Insurance platforms have to encourage self-education and offer an element of play, said Essick, and be easy for both intermediaries and end-clients to understand.

“That’s been part of the issue with returning life insurance and annuities to their strong growth potential, everything has been locked into a standstill because complexity prevents a wider spectrum of people from adopting them, selling them and offering them to clients,” he said. “We have to create, through technology, experiences that make it easier to access these products so someone new to the industry can quote, present and sell them.”

What Is Vinay Nair Up To?

This week, the TIFIN GROUP, the Boulder, Colo.-based fintech holding company founded by Vinay Nair, announced two huge acquisitions – Totum Risk, a widely used risk-profiler, and myFinancialAnswers, a personal financial planning platform.

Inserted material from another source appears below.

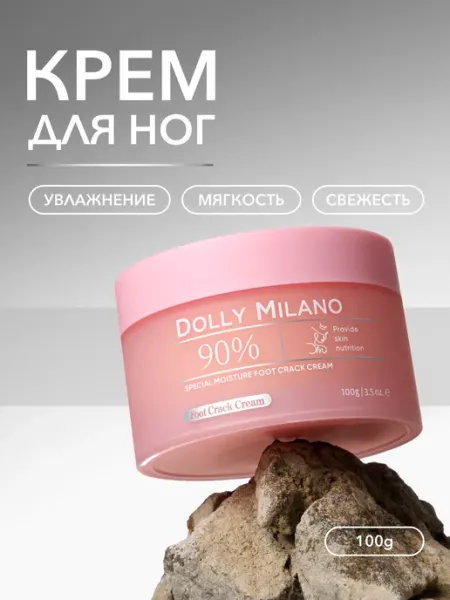 DOLLY MILANO Крем для ног увлажняющий против трещин 100гр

TIFIN has big plans for both firms, announcing that it will merge its own risk-tolerance platform under the Totum brand, and a financial planning platform under new branding.

The Totum news raises some interesting possibilities for TIFIN, which already owns client-engagement personality tool Positivly. Combining Positivly with a risk-profiling platform like Totum would offer advisors the ability to understand clients across several different facets of their personalities.

The real curiosity is what Nair, an entrepreneur who founded and developed 55ip, a tax-smart model portfolio trading tool, is going to do with myFinancialAnswers and his launch of new financial planning software. Nair successfully sold 55ip to J.P. Morgan last year.